Getting into the right frame of mind for back-to-school can be difficult for child and parent.
In an attempt to ease that reintroduction to the school setting, the Island Special Constabulary Force (ISCF) and Mobile Reserve Chaplaincy Services Branch hosted a motivational clinic at their headquarters in Kingston yesterday. Assistant Force Chaplain Reverend Courtney Faulknor noted that this was the clinic's second year.
"We focused mainly on children last year. But parents, too, are very much affected," he said.
According to Faulknor, the focus of the seminar was on the spirit, mind "and anything else that will help the children to perform at their best".
The clinic is open to both police and civilian staff of the aforementioned branches. Faulknor noted that because of their jobs, members of the security forces are not always able to devote as much time as they would like to their children.
"It's especially tough for those children transitioning from primary and prep schools to high schools," he noted. This year's event was themed 'I Am A Promise' and had guest presentations from New Nation Coalition founder Betty Ann Blaine and clinical psychologist Dr Sandra McDermott.
McDermott hosted a discussion with parents only, while the approximately 40 children were placed into groups of four, each one led by a student of the Caribbean Graduate School of Theology's counselling psychology programme.
Blaine said she believed the police can do more to quash the stigma that they are the public's enemy.
"If all of our police officers and all of our soldiers, especially the men ... decide to mentor one young man, each one mentor one, can you imagine the kind of impact we would have?" she asked.
"A mother can raise a son, but it takes a man to raise a man. So we are calling to the men, step up to the plate and mentor our boys."
Adopt a mentorship programme
Blaine suggested that the branch could adopt a mentorship programme.
"The boys need coaching, they need guidance. They need men to teach them to be good men, courteous men, productive men, men who will respect and honour women, men who will be leaders of integrity."

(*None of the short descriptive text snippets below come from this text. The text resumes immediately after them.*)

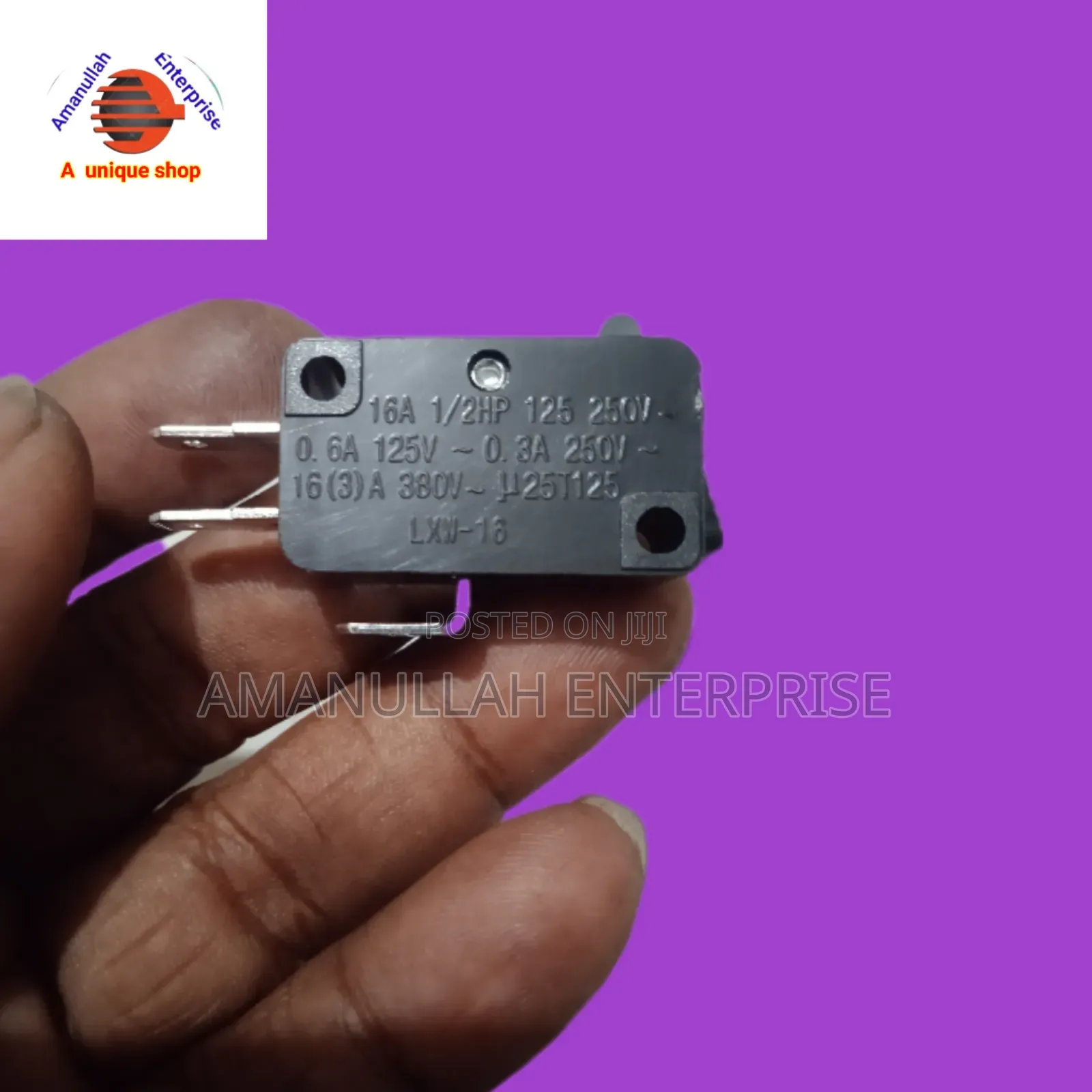 Micro Switch,Often Used in Appliances Like Microwave Ovens.
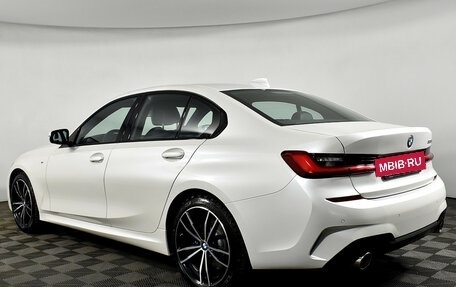 BMW 3 серия, 2019 год, 2 650 000 рублей, 12 фотография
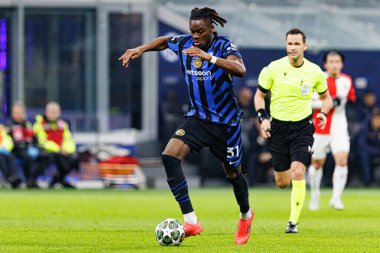 Yann Bisseck UEFA Şampiyonlar Ligi maçında Internazionale Milano ve Feyenoord FC (Maciej Rogowski)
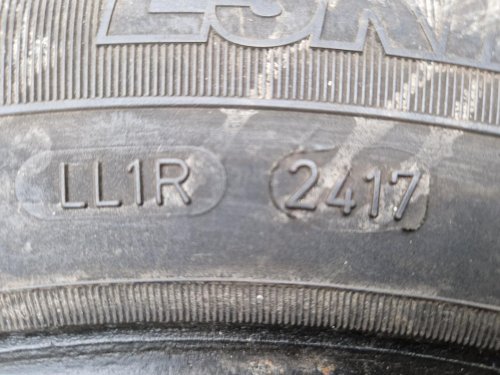2 KS ZIMNÍ PNEUMATIKA SAVA ESKIMO S3+ 185/65 R14 86T - 20457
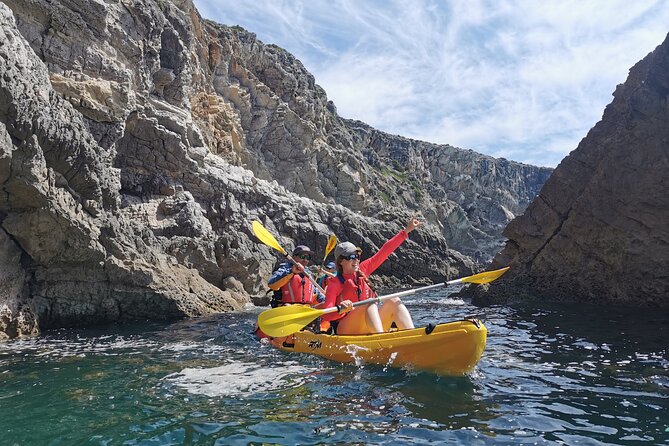 Sesimbra Discovery by Kayak - Praia do Ribeiro do Cavalo: the beach break that actually refreshes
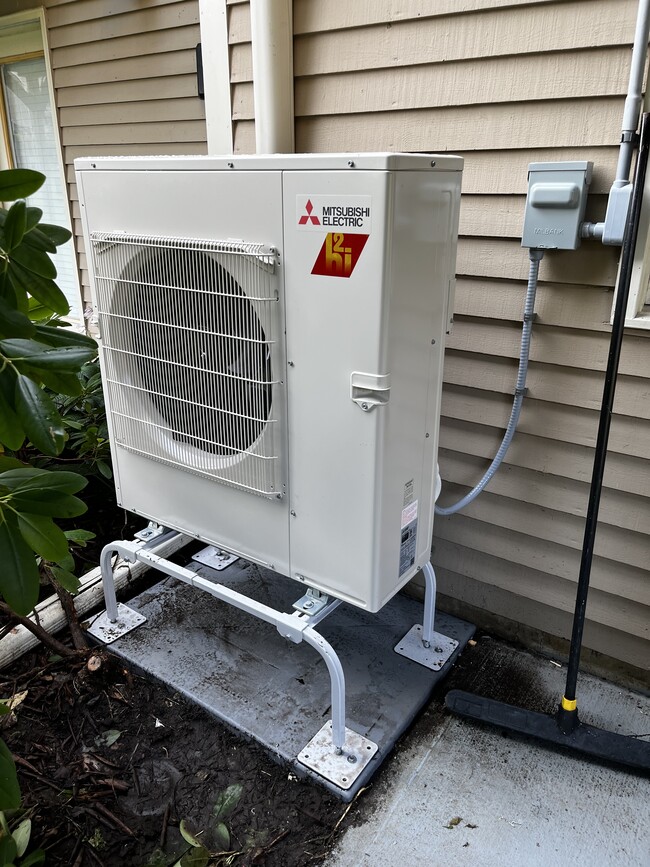 New Multi Zone Heat Pump A/C - N14 Stonehedge Dr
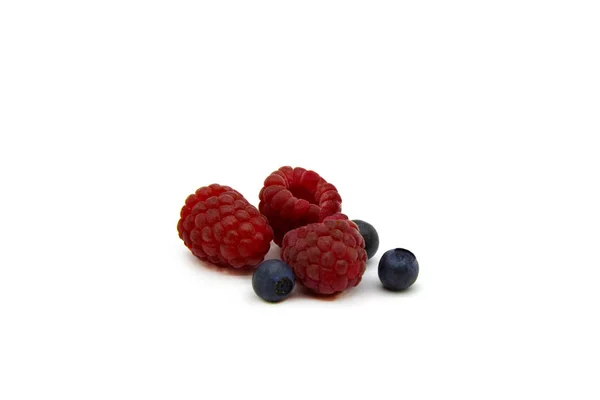 Drei Himbeeren Und Blaubeeren Auf Weißem Hintergrund Nahaufnahme — Stockfoto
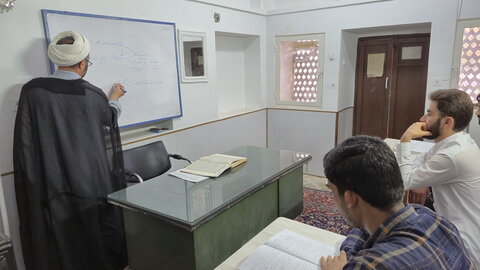 تصاویر/ حضور طلاب مدرسه علمیه امام خمینی(ره) در کلاس‌های سال تحصیلی جدید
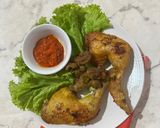 Foto langkah ke 4 dari resep Ayam Goreng Ungkep Bumbu Kuning Santan.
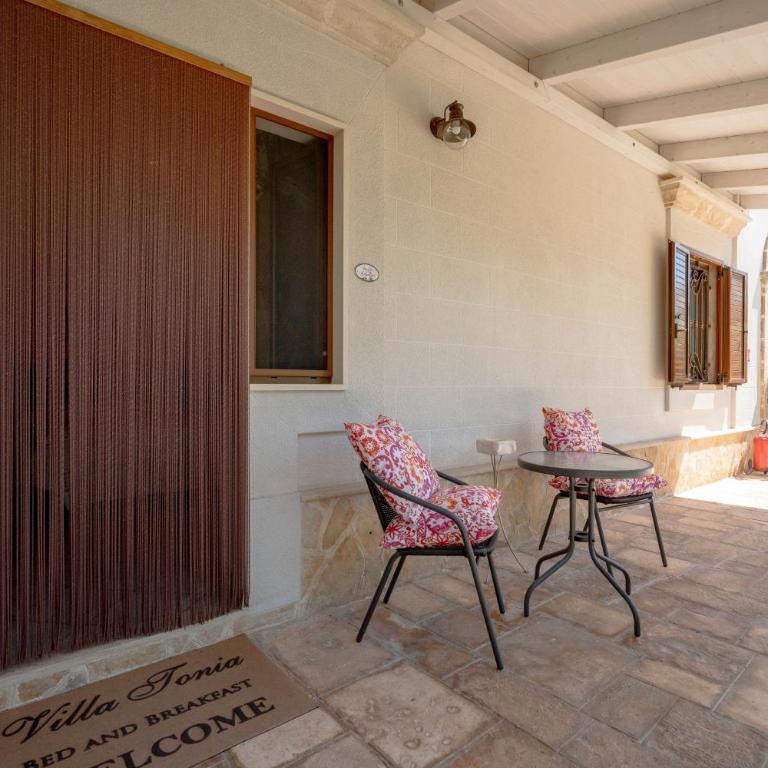 Villa Tonia - Camera Queen Standard - 2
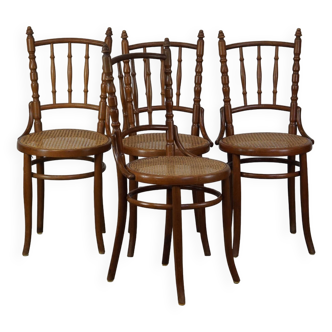 Lot de 4 belles chaises de bistrot au design vintage et atmosphérique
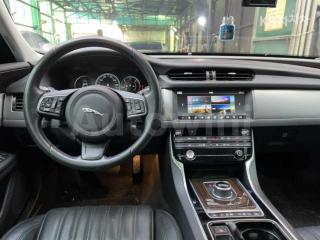 2017 JAGUAR XF 2.0D PORTFOLIO AWD - 7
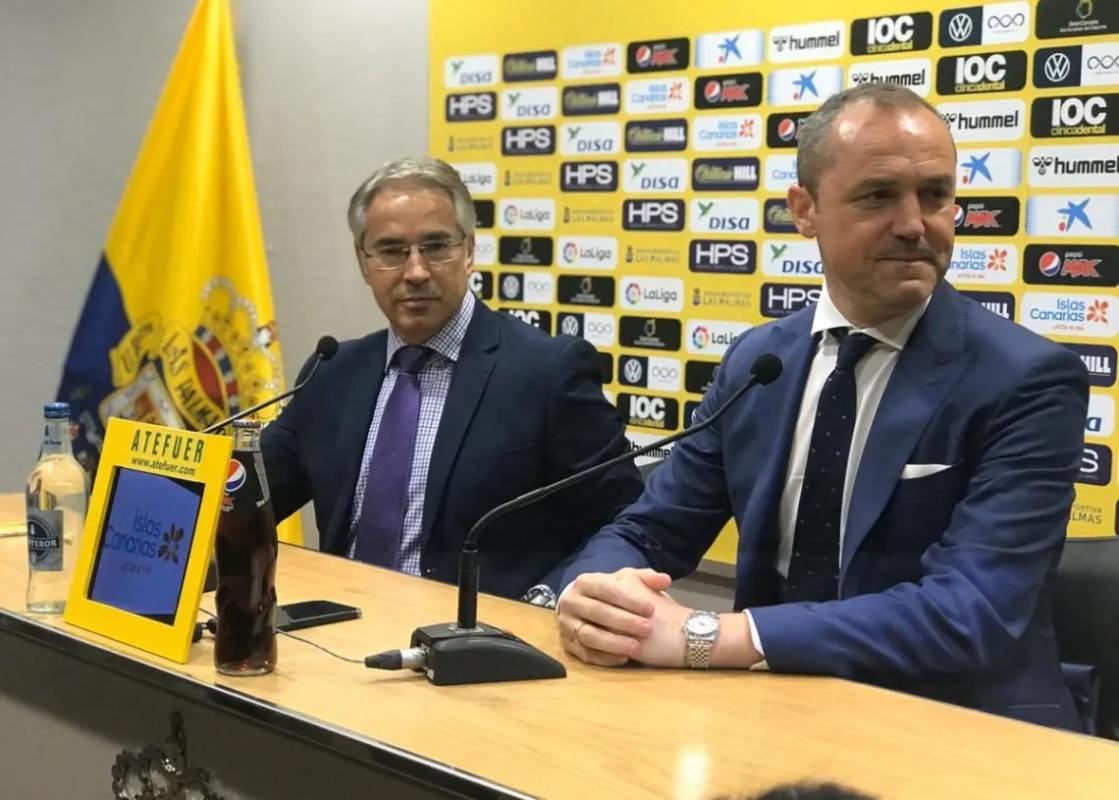 Las Palmas rescinde el contrato de Sinkgraven y busca refuerzos Las Palmas rescinde el contrato de Sinkgraven y busca refuerzos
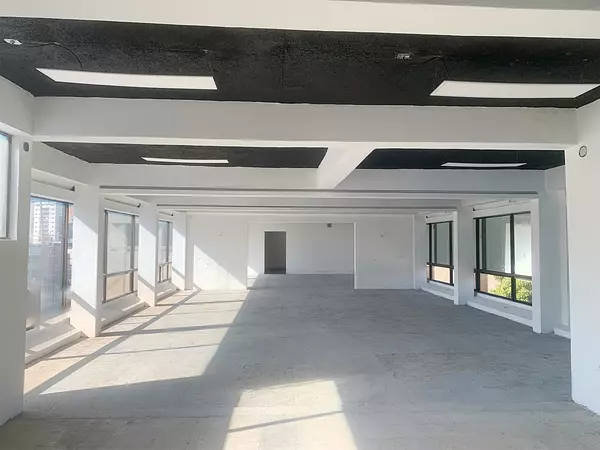 oficinas y locales comerciales - Excelente local oportunidad  Naco 4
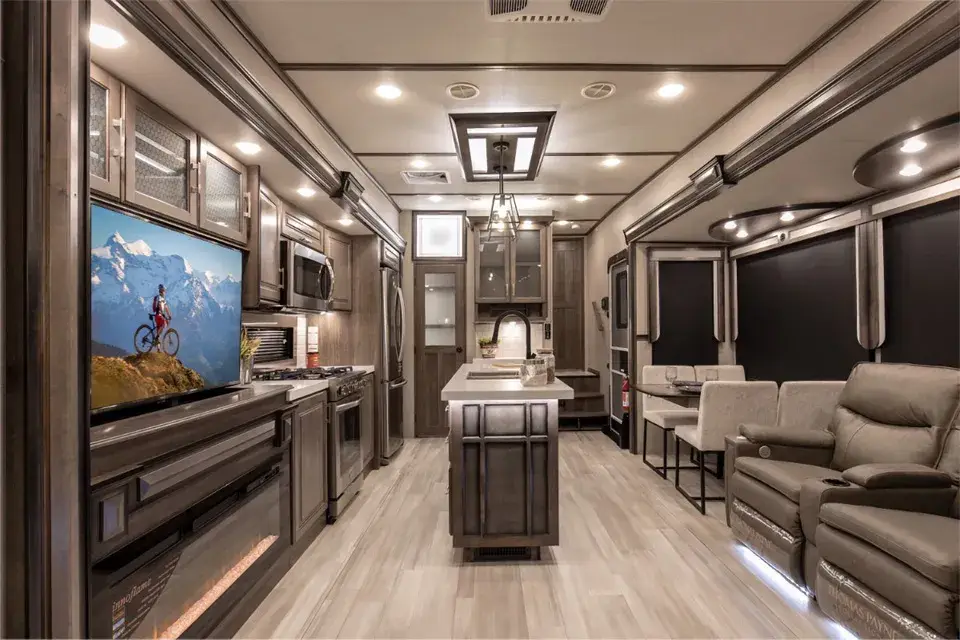 What You Need to Know BEFORE Purchasing a Fifth-Wheel RV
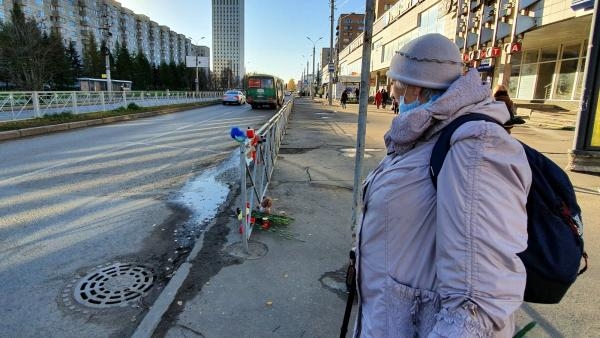 Стихийный мемориал появился в Архангельске на месте гибели ребенка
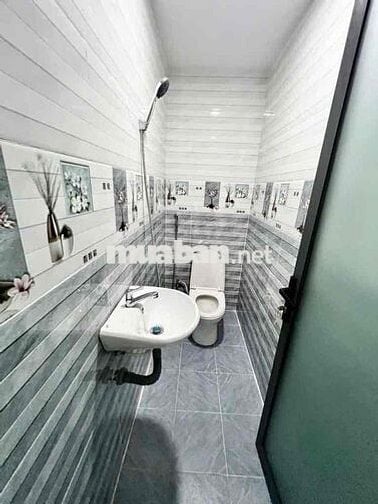 💥Chỉ 4 tỷ , Nhà 2 tầng mới đẹp, ngay Gò Xoài – sát Tân Phú.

The children's group sessions included talks on issues such as peer pressure and indiscipline. Participants were also given financial advice by the Jamaica Special Co-operative Credit Union.
"Apart from being stimulated in the mind, we believe it takes money for schooling," said Faulknor. He said ISCF members from as far as central Jamaica made the trip, while most of the Mobile Reserve personnel were based in the Corporate Area, though they may have family in other parishes. Asked whether the clinic could be expanded, Faulknor was hopeful.
"It is more for this area, but I would imagine that there would be interest when the positives spill over."